Using the select function to target missing values, we create a barplot that shows the proportions of missing values for all of the variables that have at least one missing value. It is evident that there are several variables that have no values, which we can immediately mark for elimination.

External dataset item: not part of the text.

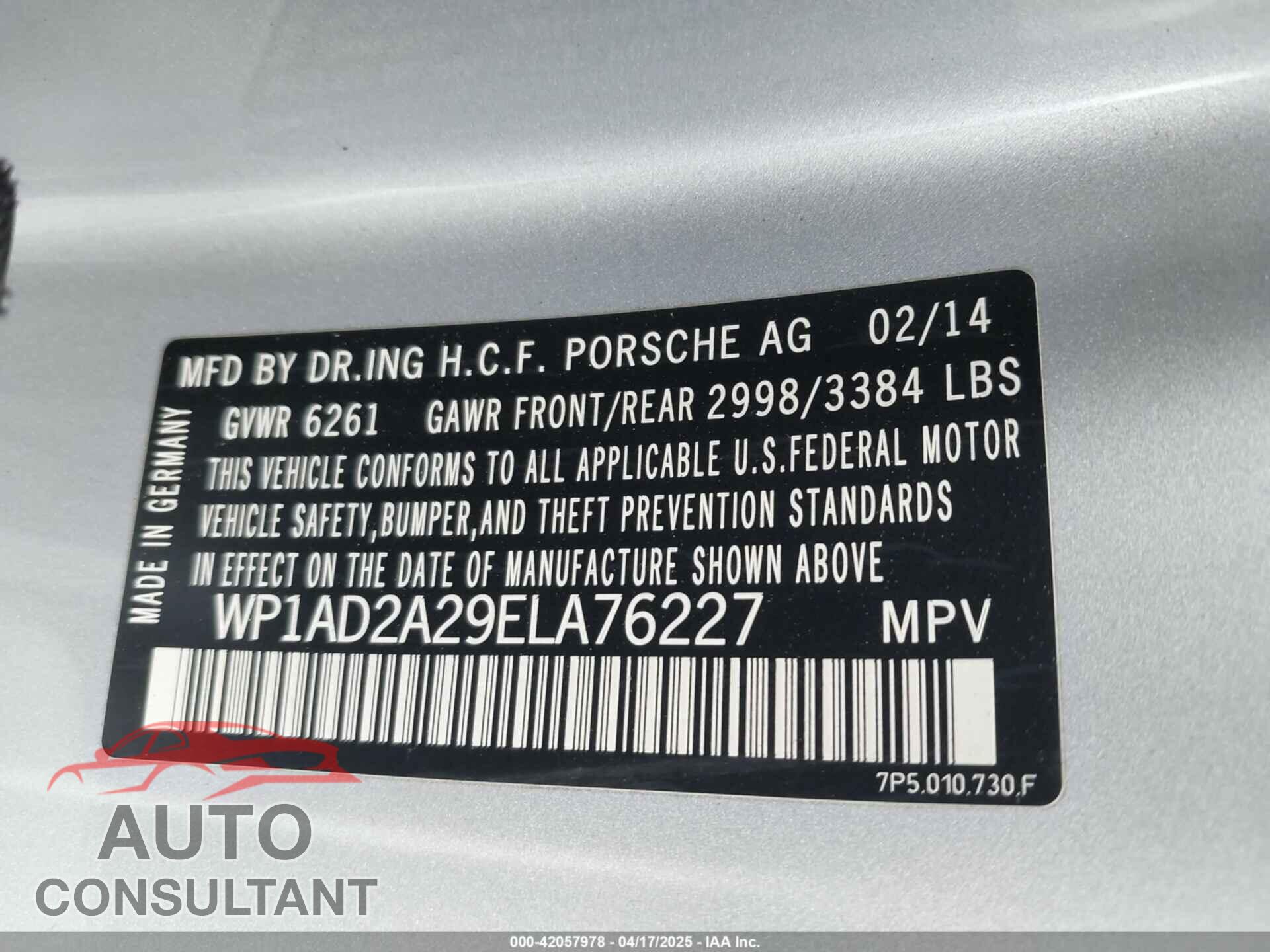 PORSCHE CAYENNE 2014 - WP1AD2A29ELA76227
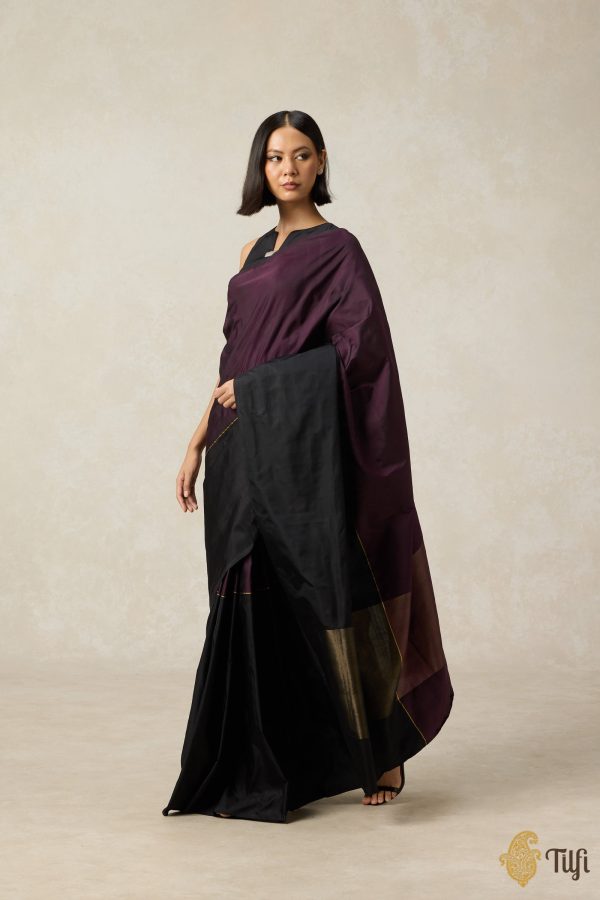 Pre-Order:  Serenade  Plum Purple-Black Pure Silk Twill Banarasi Handloom Saree Online now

#view the different values and their frequencies for the variables we are unsure of whether to keep or not

table(EVcars$c240bDscr)
table(EVcars$mfrCode)
table(EVcars$displ)
table(EVcars$trany)
table(EVcars$evMotor)
kable(table(EVcars$eng_dscr), col.names = c('Engine Type', 'Frequency'))
Engine Type Frequency
Lead Acid 4
NiMH 4
SIDI 1
kable(table(EVcars$c240Dscr), col.names = c('Charger Type', 'Frequency'))
Charger Type Frequency
3.6 kW charger 4
6.6 kW charger 2
7.2 kW charger 2
single charger 3
standard charger 73
##Deselect the variables we do not want to include based on their proportions of missing values shown in the barplot
EVcars_trim1 <- select(.data = EVcars, -c(cylinders, displ, eng_dscr, guzzler, trans_dscr, tCharger, sCharger, fuelType2, rangeA, mfrCode))
head(EVcars_trim1)
dim(EVcars_trim1)
## [1] 209  73

For the remaining 7 variables we use the table function to get an idea for how many values they have and what the frequencies are. We decide to keep the c240Dscr and c240bDscr variables despite their missing values, as they still have enough data to be useful to us if we decide to include electric vehicle charging in our analysis. We also keep the variables drive, trany, and evMotor because they still have values for a majority of the observations and may be useful in our investigation into ranges of electric vehicles. We cut mfrCode because we already have the variable make and do not feel this will add incremental value. We also cut eng_desc and displ because they have missing values for such a large proportion of their observations without adding much important insight with the values that are included.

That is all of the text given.